Prenons WINTERREISE. Une femme dit: «N’y a-t-il pas aujourd’hui un vernissage ou une lecture d’auteur?» Ah, se dit le lecteur, c’est Jelinek, l’auteur de LUST, qui prend la parole. «L’attelage qui accompagne ma dépouille...» Zut! Et voilà que l’écrivain, après avoir mis en scène son corps mort, évoque un souvenir d’enfance... Dans le monologue suivant, un NOUS prend la parole, un NOUS de consensus (les mous salauds chers à Marc-Edouard Nabe)...

Ce pourrait être un genre d’ouvrier, de plombier, d’employé n’aimant pas voir à la télé la petite Natacha Kampusch qui n’a rien fait de sa vie et dont on fait une star parce qu’elle a été séquestrée par un horrible monstre... Le locuteur genre homme de la base voudrait que la télé s’occupe aussi de lui, lui qui fait du sport, de la muscule, des pompes, des redressements assis, qui va skier dès qu’il y a de la neige dans les Alpes, qui paie ses impôts etc...

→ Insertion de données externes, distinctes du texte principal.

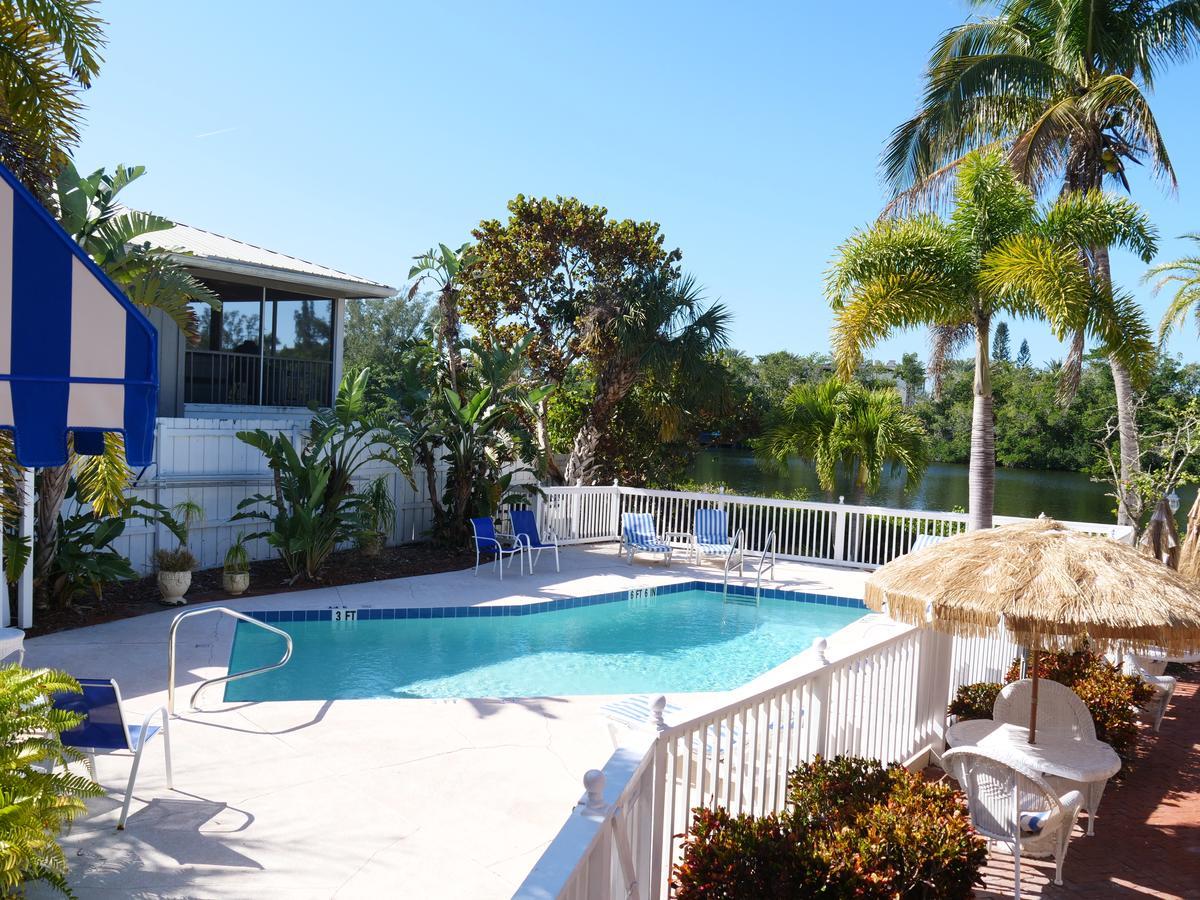 Resort Siesta Key Bungalows 3*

Alors pourquoi cette gamine qui n’a rien foutu pour mériter toute cette gloire, pourquoi a-t-elle tant de succès... Est-ce qu’elle pense que c’est tellement intéressant pour les gens de la voir chialer à l’écran ou y aligner des balivernes? «Pourquoi nous impose-t-elle son image, cette gamine? Qu’elle retourne dans son cloaque! - Nous avons recherché auprès d’elle la distraction, nous nous sommes pourléchés à son destin comme les bêtes avec le sel, mais ça n’a pas beaucoup d’intérêt - Chez nous, il se passe toujours quelque chose - Nous sommes à la maison, ici on est chez nous».

C’est un NOUS du même acabit qui reprendra la parole dans le monologue suivant. Cette fois, il est tatoué. Il travaille... Il a l’air de déblayer un tunnel où un accident s’est produit dans les Alpes... Il y a des morts... Des étrangers, de ceux qui viennent de partout et en nombre pour dévaler les pentes en combinaison fluo. «Le sport de masse qui remplit nos chambres et nos lits». Le discours de cet homme tatoué est celui des promoteurs, des gérants de restaurants, des employés des remontées mécaniques, des zommes politiques, de tous ceux qui ont besoin de ces étrangers en combinaison fluo pour... On connaît la chanson!

Ce qui fascine chez EJ, c’est son habileté à entrer dans le foyer de perception de l’homme de base, dans le joli cerveau du petit blanc raciste, peureux, égoïste, homophobe qui fait de plus en plus entendre sa voix dans les provinces reculées de la bonne vieille Europe.